Peter Berger. Photograph: www.peterberger.sk Matshikiza was ably partnered by the Slovakian tenor Peter Berger who sang and acted a sterling and credible Lukáš. His voice has both a ringing and open quality that is absolutely right for this music and it also has both lyricism and, where needed, heft. He has an easy stage presence too. He made the most of his Act Two aria ‘Já nešastnik’. It would be good to hear him in roles like the Prince in “Rusalka” in which his vocal characteristics would be ideal. The two interacted very well in their various duets and were emotive in their physical interplay. If Lukáš appears a bit of a bully that is part and parcel of the piece, and Berger certainly made his character’s realisation of the motivation behind Vendulka’s refusal to kiss Lukáš work. One was left wondering how the character must have treated his first wife!
Although the two lovers carry much of the opera vocally, good support is needed. Jiři Přibyl bought his sonorous bass to the part of Paloucký Otec, and if his acting was a bit too obviously a young man portraying an older one, that is the fate of young operatic basses! Eliška Weissová was a sympathetic Martinka, and displayed her fruity voice to effect. Ekaterina Bakanová grabbed her moment in the spotlight as the maid Barče as she greeted the dawn.

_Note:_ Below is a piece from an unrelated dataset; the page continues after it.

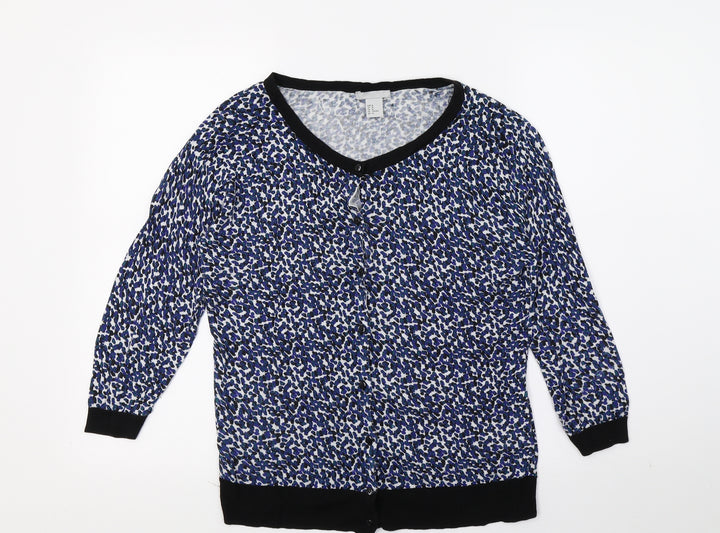 H&M Womens Blue Geometric Knit Cardigan Jumper Size M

The Orchestra of Wexford Festival Opera responded well to Jaroslav Kyzlink’s conducting – the music had rhythmic vitality and force where needed, with warmth to the strings and lovely flute playing too. The lower brass was also effective – wonderfully raspy in the introduction to Lukáš’s first utterances.
Michael Gieleta’s production was strong in terms of direction of the principal singers, although the chorus could perhaps have been more imaginatively handled, and acting too much ‘as one’. The ensemble that follows found the chorus singing well, although it might have been even more impressive had the singers started off more quietly to make the build-up of dynamic more effective, although this may be an effect of the extremely immediate acoustic of Wexford’s new auditorium. James Macnamara’s warm and colourful pastoral settings were pleasant on the eye.
All in all this was a evening of genial entertainment, and with some lovely singing, one felt ready to saunter out of the theatre back to the real world where even the sudden downpour could not dampen the spirits too much.